Python – Fastest Way to Join Many Points to Many Polygons

pythonspatial-join

I need to attribute a geographical area (based on shapefile polygons) to 8 million GPS points. There are 405 polygons. I currently have the code below, and a quick extrapolation tells me it will take 84 hours to compute this.

I am new to GIS, but intuitively, I feel that there has to be a smarter way around this than, for each point, randomly testing each polygon with a point-in-polygon function until there is match. For example, simply putting the points and polygons in 2 groups (such as "East" and "West") simply based on their easternmost/westernmost longitude may divide by two the number of operations to perform by almost 2.

Are there indeed such much efficient algorithms? Are any of them easily implementable in python?
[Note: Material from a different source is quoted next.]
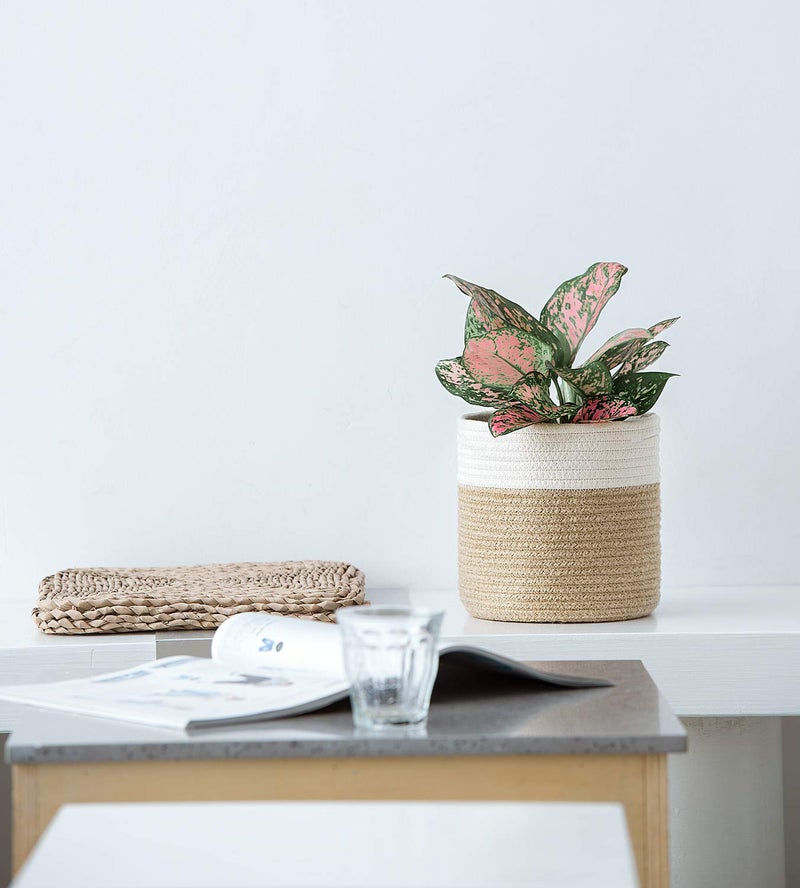 Dahey Small Cotton Rope Plant Basket Woven Plant Coiled Basket for Up to 7" Planter, Decorative Flower Pot Cover Closet Storage Bin Table Desk Organizer for Home Decor, White and Beige - Image 3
from shapely.geometry import shape, Point, Polygon
import pandas as pd
from mpl_toolkits.basemap import Basemap
import matplotlib.pyplot as plt
from matplotlib.colors import LinearSegmentedColormap

plt.figure(figsize=(16,16))
m = Basemap(projection='merc',llcrnrlat=15,urcrnrlat=55,llcrnrlon=70,urcrnrlon=140,lat_ts=20,resolution='c')
m.readshapefile(china_shapefile, 'prefectures', drawbounds=True)

print len(m.prefectures)

#get data
china_shapefile="C:/Users/.../CHN_adm2_SIMPLIFIED/CHN_adm2"
points_csv="C:/Users/.../sample_map_data.csv"
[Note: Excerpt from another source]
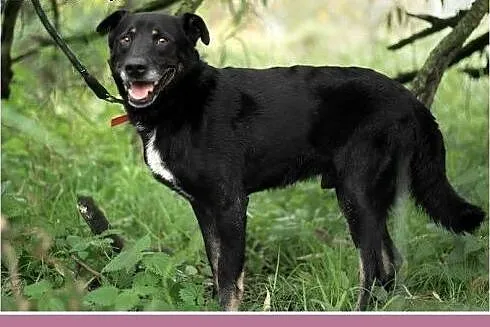 15 kg, pogodny,przyjacielski,kontaktowy piesek MAD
points=pd.read_csv(points_csv)
points=points.dropna()

lat=points["Latitude"].tolist()
lon=points["Longitude"].tolist()
coordinates=zip(lat,lon)

for coordinate in coordinates:
    for info,shape in zip(m.prefectures_info,m.prefectures):
        poly = Polygon(shape)
        #print info["NAME_1"],info["NAME_2"]
        xpt,ypt = m(coordinate[1],coordinate[0])
        point1 = Point(xpt,ypt)
        if point1.within(poly):
            print coordinate,info["NAME_1"],info["NAME_2"]#,info["NAME_3"]
            break

Best Answer

As blord-castillo says, you can use a Spatial Index. They are many modules in Python for that (PiPy: spatial index, R-tree, Quad-Ttree, Kd-tree, Interval-tree, ...).

The most used method for indexing spatial data is the R-tree index (also used by QGIS or PyQGIS as stated by GeoJohn, see geoprocessing across multiple vector layers QGIS2 for example)

The fastest is Rtree (rtree python polygon index) because it is a simple Python wrapper of the C library libspatialindex. It is used in More Efficient Spatial join in Python without QGIS, ArcGIS, PostGIS, etc, for example (with Fiona, Shapely and Rtree).

Rather than using Pandas, you should use GeoPandas that includes optionally rtree as a dependency (spatial joins, Spatial indexes for geo data frames and series or More Efficient Spatial join in Python without QGIS, ArcGIS, PostGIS, etc with GeoPandas)

This reference gives you 2 solutions for your problem (spatial join between points and polygons) with the limitations of the procedure:

  • Without an index, you must iterate through all the geometries (polygons and points).
  • With a bounding spatial index (Spatial Index RTree), you iterate only through the geometries which have a chance to intersect with your current geometry ('filter' which can save a considerable amount of calculations and time...)
  • But a Spatial Index is not a magic wand. When a very large part of the dataset has to be retrieved, a Spatial Index cannot give any speed benefit.